[Python] The movement of the decorator that can be understood this time ② The decorator that receives the argument

Introduction

This article is [python] Movement of decorator that can be understood this time ① Decorator that does not receive arguments is a continuation.

The goal of this article is to understand the following forms of decorators:

def deco(a):
    #processing

@deco(a="hello")
def test():
    #processing

Let's check the behavior of the decorator ** that receives ** arguments with a minimum of code.

First the function after @ is executed

def foo(b):
    pass

def deco(a):
    print(a)
    return foo

@deco(a="hello")
def test():
    pass

#Execution result
# hello

Let's look at each line. Lines 1-6 just define the function, so nothing happens.

When the 8th line @ deco (a =" hello ") is reached, deco (a =" hello ") is executed first. Lines 4-6 The function deco is executed, and when" hello "is passed to a, the character string hello is output. And it returns the function foo.

The inside of my head is like ↓. Because deco (a =" hello ") of @ deco (a =" hello ") is executed and the function foo is returned, deco (a =" hello ") has been replaced with foo, and the 8th line is now @ foo.

To summarize so far,

• When the code reaches @deco (argument), deco (argument) is executed first

• From this point onward, [python] movement of the decorator that can be understood this time ① Decorator that does not receive arguments ** Exactly the same as steps 1 to 3 **. So I'll take a quick look after that. Please read ↑ for detailed movements.

After that, it is exactly the same as a decorator that does not receive arguments

def foo(func):
    print(func.__name__)
    return func

def deco(a):
    print(a)
    return foo

@deco(a="hello")
def test():
    print("inside test func")
    pass

test()

#output
# hello
# test

On line 8, deco (a =" hello ") is executed as in step 1, and the function foo is returned after hello is output. At this point replace @ deco (a =" hello ") with @ foo in your head.
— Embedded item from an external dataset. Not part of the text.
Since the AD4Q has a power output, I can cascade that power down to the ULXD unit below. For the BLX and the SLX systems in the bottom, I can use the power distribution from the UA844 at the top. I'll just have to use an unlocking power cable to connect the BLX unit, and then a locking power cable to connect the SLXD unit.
foo is a function that outputs the \ _ \ _ name \ _ \ _ attribute of func and returns func. If you replace @ deco (a =" hello ") with @ foo in your head, you will find the function foo after @. The function on the line following @ is passed as the first argument of the function after @ (in this case foo).
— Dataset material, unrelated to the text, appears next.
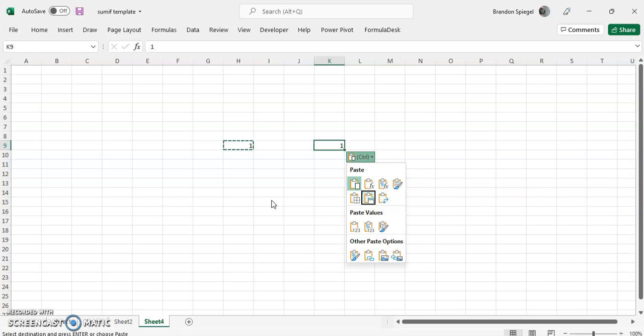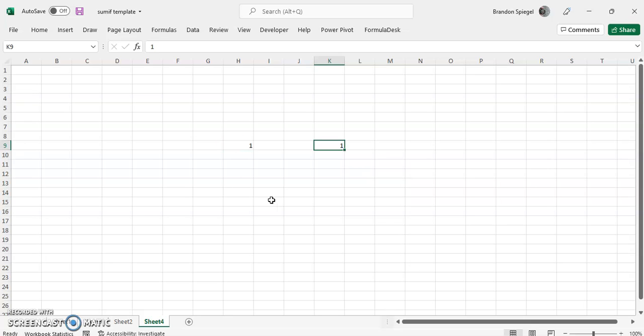With that said though, you can actually turn this off so that the little box will not show after you paste something.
Therefore, in terms of image,

1. deco (a =" hello ") is executed at the time of @ deco (a =" hello ").
2. When deco (a =" hello ") is executed, hello is output and the function foo is returned.
3. From now on, @ deco (a =" hello ") can be considered as @ foo.
4. The function test immediately after @ foo is defined
5. The function test is passed as an argument to the function foo and foo is executed.
6. The return value of foo (= function test) is assigned to the variable test.
7. When test () is executed, inside test func is output.

It feels like.

The point is that ** the function deco must return a function (callable) **. This is because an error occurs because it cannot be called without returning a function. Example) If the return statement of the deco function is set to return 123, an error will occur when trying to call the int type 123 like 123 (test) at number 5 in the above image.

Experiment / error collection (Understanding progresses by playing with various things)
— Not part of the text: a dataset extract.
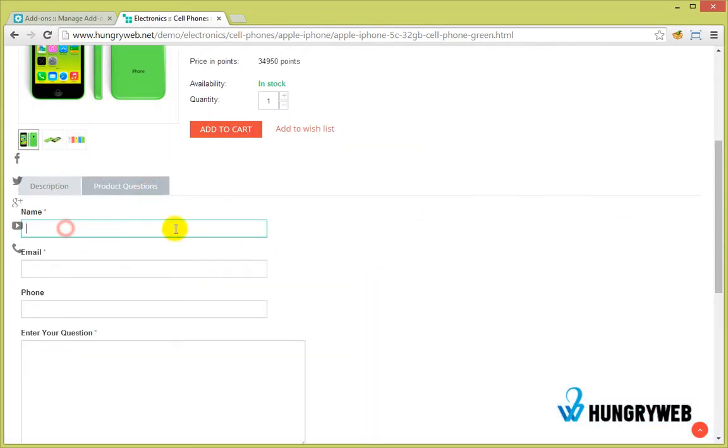Ask a question about this product. The name and email will be automatically filled if the customer is logged in.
If deco does not return a function (callable)

def deco(a):
    print(a)
    return 123

@deco(a="hello")
def test():
    print("inside test func")
    pass

#result
# hello
# Traceback (most recent call last):
#   File "test.py", line 5, in <module>
#     @deco(a="hello")
# TypeError: 'int' object is not callable

The image is as follows.

1. deco (a =" hello ") is executed and 123 is returned
2. Rewrite @ deco (a =" hello ") to @ 123 in your head
3. The function test is defined because there isdef test ():immediately after @ 123.
4. 123 (test) is executed and 'int' object is not callable is output. This is because 123 is not a function and cannot be called.

If the return value of the function returned by deco is not a function (callable)

def foo(func):
    print(func.__name__)
    return "aaa"

def deco(a):
    print(a)
    return foo

@deco(a="hello")
def test():
    print("inside test func")
    pass

test()

#result
# hello
# test
# Traceback (most recent call last):
#   File "test.py", line 17, in <module>
#     test()
# TypeError: 'str' object is not callable

The image looks like the following.

1. deco (a =" hello ") is executed and the function foo is returned
2. Replace @ deco (a =" hello ") with @ foo in your head
3. The function test is defined after @ foo
4. Function test is passed to function foo
5. Function foo returns the string"aaa"
6. The string " aaa " is stored in the variable test
7. Since test () is doing"aaa" (),'str' object is not callable is output. This error occurs because " aaa " is not a function.

at the end

If you are not sure, it is recommended to experiment with it because it will be easier to understand the movement.